Publié le 22 octobre 2008 par Haimyo

Je découvre avec un ravissement teinté d’exaltation (si, si, je vous assure) la campagne de publicité Orange. Alors bien sûr, une marque pareille (une collègue, dont c’est le métier, m’indique qu’elle est valorisée 1 milliard d’euros, oui, vous avez bien lu) se dote bien sûr d’une campagne multiforme, déclinée en de nombreux supports et variantes. Là, je vous parle de la campagne “corporate”, ce que notre ex-France Télécom appelle la “Orange Brand Vision 2008″, c’est-à-dire ce qui porte le message-clef de l’entreprise. Et voici ce que ça donne (lu par une voix-off pénétrée et inspirée) :

“Je suis ma mère qui m’encourage
et ma soeur qui ne le fait pas
Je suis mon ami Thomas qui va toujours vers les autres
Je suis toutes les filles que j’ai embrassées
Et celles que j’embrasserai
Je suis le prof qui m’a fait redoubler
Et celui qui m’a soutenu
Je suis le patron qui parfois me critiquera
Mais m’aidera à avancer
Je suis tous les gens que je connais
Et ceux que je ne connais pas encore
Je suis tous les concerts où j’irai avec mes potes
Et les blagues qu’on échangera ensemble
Je ne suis rien sans eux
Et avec eux je peux tout faire”

Alors, si on lit la prose du rédacteur-concepteur (pas mauvais d’ailleurs) qui a pondu ce texte, qu’en déduit-on ? Qu’il y a du bon et du moins bon dans l’existence, que dans la famille comme à l’école il y a des gentils et des méchants… mais pas dans l’entreprise ! Le patron “me critiquera” mais “m’aidera à avancer” aussi (à la fin). Donc, le patron n’est qu’un faux méchant… qui n’est méchant que pour être bon (à la fin). Vous suivez? Chez Orange, on revisite les fondamentaux de la philosophie, on remet l’humanité et le cosmos en perspective, mais jamais, au grand jamais, on ne remettra en cause le sacro-saint crédo libéral. L’entreprise, c’est bien, et il n’y a que des gentils (à la fin).
Signalons quand même un petit plantage professionnel du responsable de casting. Je vous laisse répondre au sondage : avez-vous vraiment envie de travailler pour ça ?

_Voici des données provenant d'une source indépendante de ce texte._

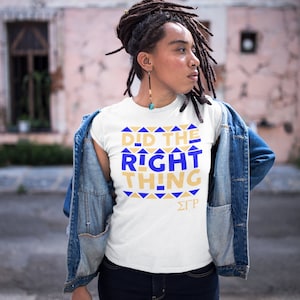May include: White t-shirt with a blue and gold design that says "Did the Right Thing" and "&Sigma;&Gamma;&Rho;".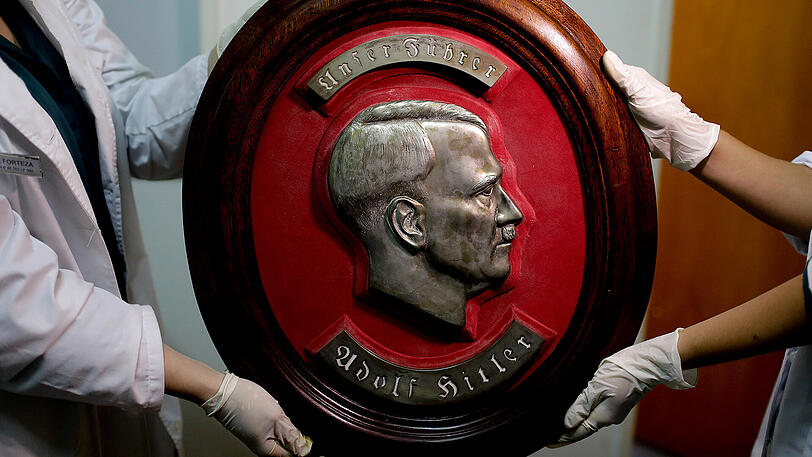 Mitglieder der Bundespolizei halten im Interpol-Hauptquartier in Buenos Aires ein Relief von Adolf Hitler.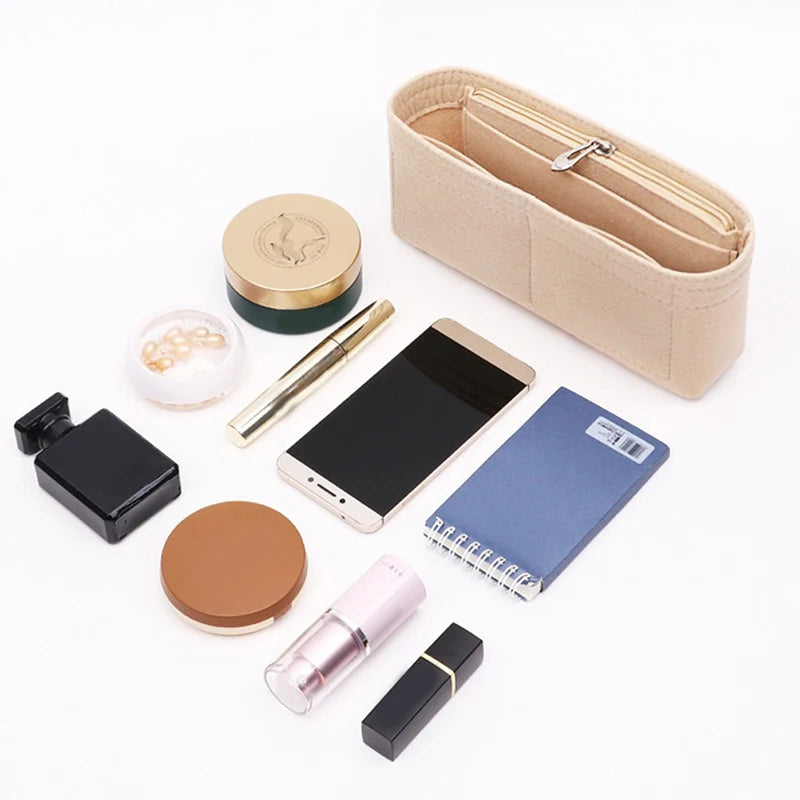 A felt bag organizer containing various small items including a pen, a small notebook, and a smartphone.
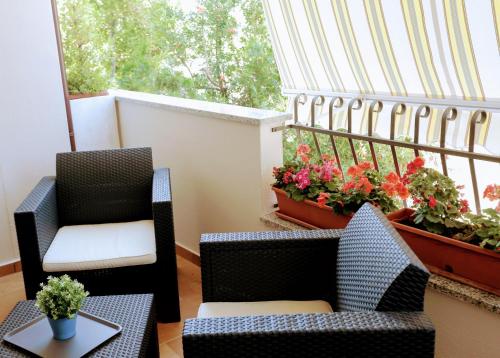 two chairs and a table on a balcony with flowers at Zama Bed&Breakfast in Scalea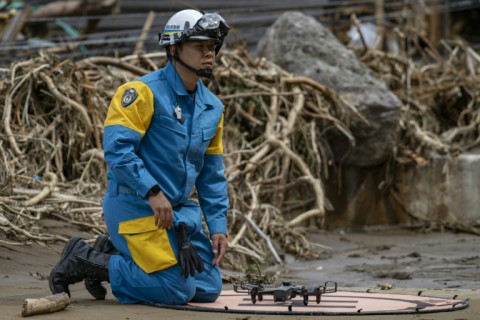 A police officer works with a drone to look for missing people along the Tsukada river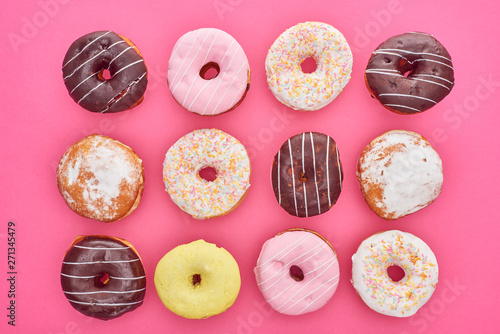 Fotografija top view of tasty glazed doughnuts on pink background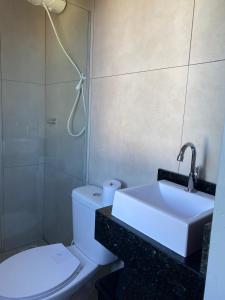 a bathroom with a sink and a toilet and a shower at Hotel Linassi in Cruz Alta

Je n’insisterai pas sur le côté “United Colors of”, qui est devenu une tarte à la crème de toute communication d’un groupe international, et qui permet à tout hasard de jeter un petit clin d’oeil à chaque segment de la population, et de jouer sur plein plein de thèmes:

“On est tous potes

tous potes

“On est tous potes, d’ailleurs on va ptêt finir au lit tout à l’heure(*)”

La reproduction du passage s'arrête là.